Pourquoi cette tyrosine a été ajoutée
Cet ajout n’était pas une intervention cosmétique. La tyrosine rend la molécule apte à la radio-iodation, ce qui a permis aux chercheurs de marquer le peptide et de le suivre dans les tissus : une condition préalable à toute recherche pharmacocinétique sérieuse. Elle a en outre amélioré la stabilité de la molécule, un point important pour un candidat développé sous forme de comprimé. Les développeurs, rattachés à la Monash University en Australie, ont baptisé la substance AOD-9604, où AOD signifie anti-obesity drug et 9604 correspondait au numéro de candidat interne.
Lipolyse sans l’axe de croissance : ce qu’ont montré les études animales
La raison pour laquelle ce fragment est devenu intéressant est qu’il semble dissocier les effets de l’hormone de croissance sur le métabolisme des graisses de ses effets favorisant la croissance. Ng et collègues ont étudié le fragment dans des modèles rongeurs en 2000, et Heffernan et collègues l’ont fait en 2001. Dans les deux travaux, le fragment a augmenté la dégradation des graisses et freiné leur accumulation, sans que le taux d’IGF-1 ni la sensibilité à l’insuline ne suivent. Avec l’hormone de croissance intacte, ce dernier phénomène se produit bel et bien. Pour la recherche sur le métabolisme des graisses, ce principe de dissociation est tout l’intérêt de cette classe de peptides.
Les deux fragments côte à côte
| Caractéristique | AOD-9604 | HGH fragment 176-191 |
|---|---|---|
| Désignation formelle | Tyr-hGH(177-191) | hGH(176-191) |
| Nombre d’acides aminés | Dix-sept | Seize |
| Différence | Tyrosine à l’extrémité N-terminale | Aucun ajout |
| Raison de l’ajout | Marquabilité et stabilité | Sans objet |
| Développement clinique | A traversé des études humaines jusqu’en phase 2 | Étudié uniquement en préclinique |
| Effet sur l’IGF-1 dans les études animales | Pas d’augmentation démontrable | Pas d’augmentation démontrable |
| Dossier de recherche | Plus large, données humaines incluses | Étroit, surtout des modèles rongeurs |
Développement clinique : là où les chemins divergent
C’est là que se situe la véritable différence entre les deux substances.

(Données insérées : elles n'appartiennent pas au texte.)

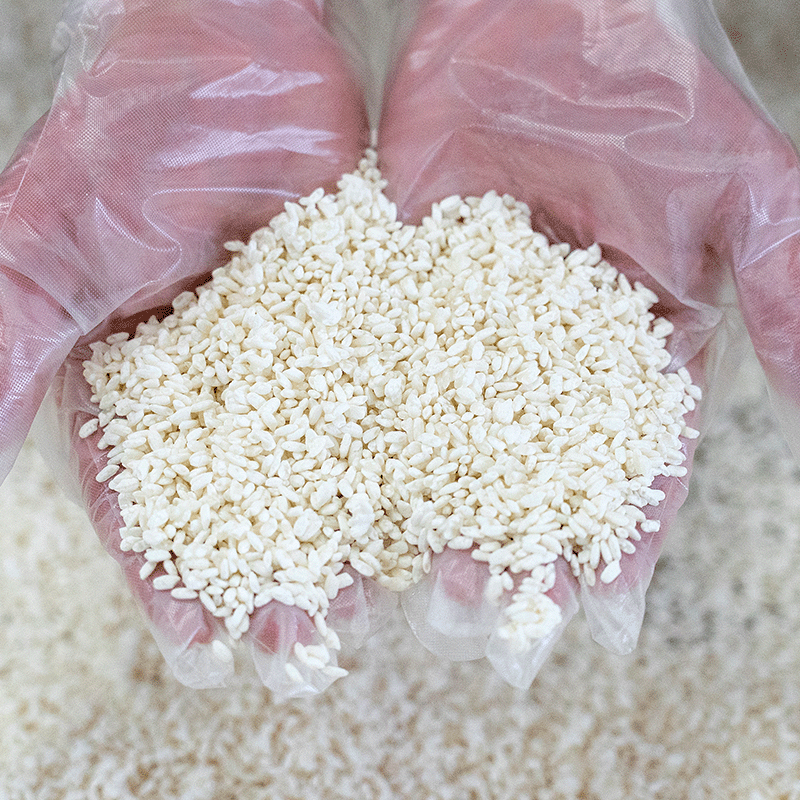 ��6�ܥ��åȡۡ�ͭ��JAS(�������˥å�)�۽��ƾ�¤�ݡ�500ml��������ˡ��Τʤ��������ȯ��ˡ�åġ���Ȥ������������ʤ�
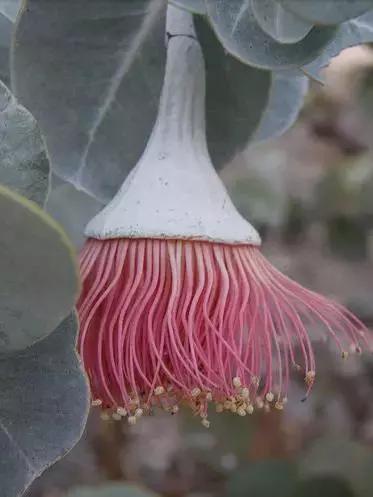 桉树风景图片,西澳桉树花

L’AOD-9604 a été développé comme agent amaigrissant et est allé jusqu’à la phase 2 dans des études humaines. Le résultat a été décevant : le produit n’a pas atteint les critères d’évaluation fixés par rapport au placebo, après quoi son développement en tant que médicament a été abandonné. Le HGH fragment 176-191 n’a jamais suivi ce parcours et repose presque entièrement sur des travaux précliniques. Mettre côte à côte les dossiers de recherche des deux substances revient donc à comparer non pas deux molécules, mais deux histoires de développement — celle qui a été la mieux étudiée étant précisément celle qui a livré le résultat négatif.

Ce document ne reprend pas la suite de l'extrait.